Synchronous vs. streaming: We opted for synchronous responses initially for simplicity. Streaming would provide better UX for longer operations.
Results and Impact
Performance Metrics
Metric | Manual | Agentic |
|---|---|---|
Media Plan Creation Time | 15-30 minutes (manual) | 5-10 seconds |
Required User Inputs | 20+ form fields | 1-3 natural language messages |
Optimization Data Used | None (human intuition) | Historical performance from thousands of campaigns |
Agent Response Latency | N/A | ~3-5s with parallel execution |
Latency Breakdown
Overall Impact
Reduced cognitive load: Advertisers describe campaigns in natural language
Data-driven decisions: Every recommendation backed by historical performance
Faster iteration: Advertisers can refine by continuing the conversation
Democratized expertise: Optimization knowledge embedded in the system
Lessons Learned and Future Work
Key Learnings
Key learning 1: prompt engineering is software engineering
Treating prompts as code — with version control, testing, and iteration — was essential. Small changes in prompt wording can dramatically affect output consistency. We learned to:
Be explicit about output format requirements
Provide concrete examples in prompts
Build guardrails at both prompt and parsing layers
Key learning 2: agent boundaries matter
Drawing the right boundaries between agents is crucial. Too many agents increases latency and coordination overhead. Too few creates monolithic, hard-to-maintain prompts. Our rule of thumb: one agent per distinct skill or data source.

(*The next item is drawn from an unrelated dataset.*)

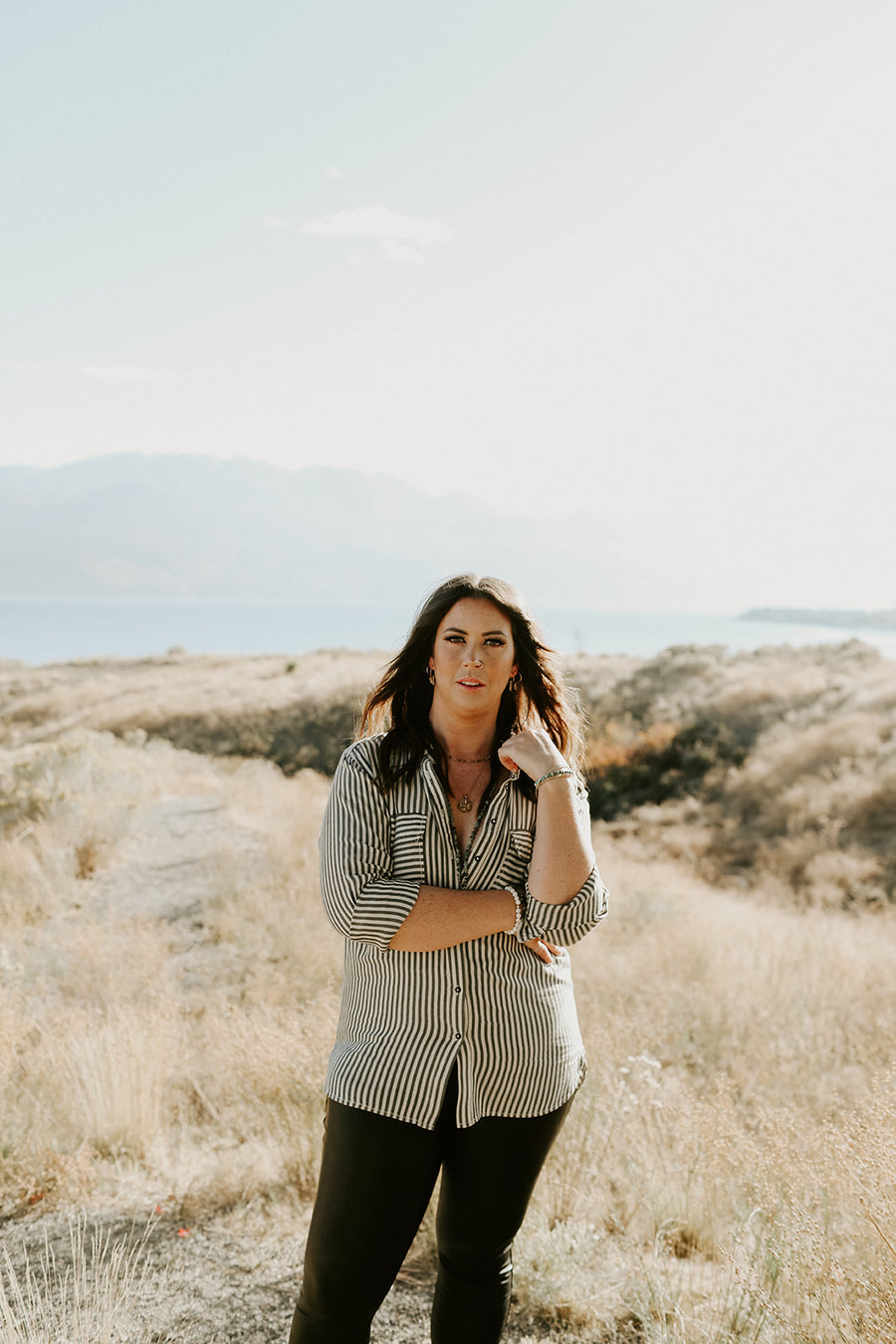 Grossular Garnet Layering Necklace - Salt + Sage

Key learning 3: tools enable grounding
LLMs are powerful but can hallucinate. By providing agents with tools that access real data (geo targets, ad categories, historical performance), we ground their outputs in reality. The LLM reasons about what to do; tools provide accurate data to work with.
Future Work
Streaming responses: Implement server-sent events for real-time feedback as agents process
Multi-turn refinement: Better support for iterative refinement ("frequent cycles of data evaluation")
A/B testing integration: Automatically test AI-recommended plans against baselines
Expanded agent capabilities: Creative suggestions, competitive analysis, cross-campaign optimization
Fine-tuned models: Domain-specific model fine-tuning for advertising terminology
Conclusion
Building Ads AI taught us that complex, multi-step workflows are well-suited to multi-agent architectures. By decomposing the media planning problem into specialized agents — each with focused prompts, relevant tools, and clear responsibilities — we created a system that's both powerful and maintainable.
The combination of Google's ADK for agent orchestration, Vertex AI for LLM capabilities, and our historical performance data creates a system that doesn't just understand what advertisers want — it knows what actually works.
We're excited to continue evolving Ads AI and bringing AI-powered optimization to more advertising workflows at Spotify.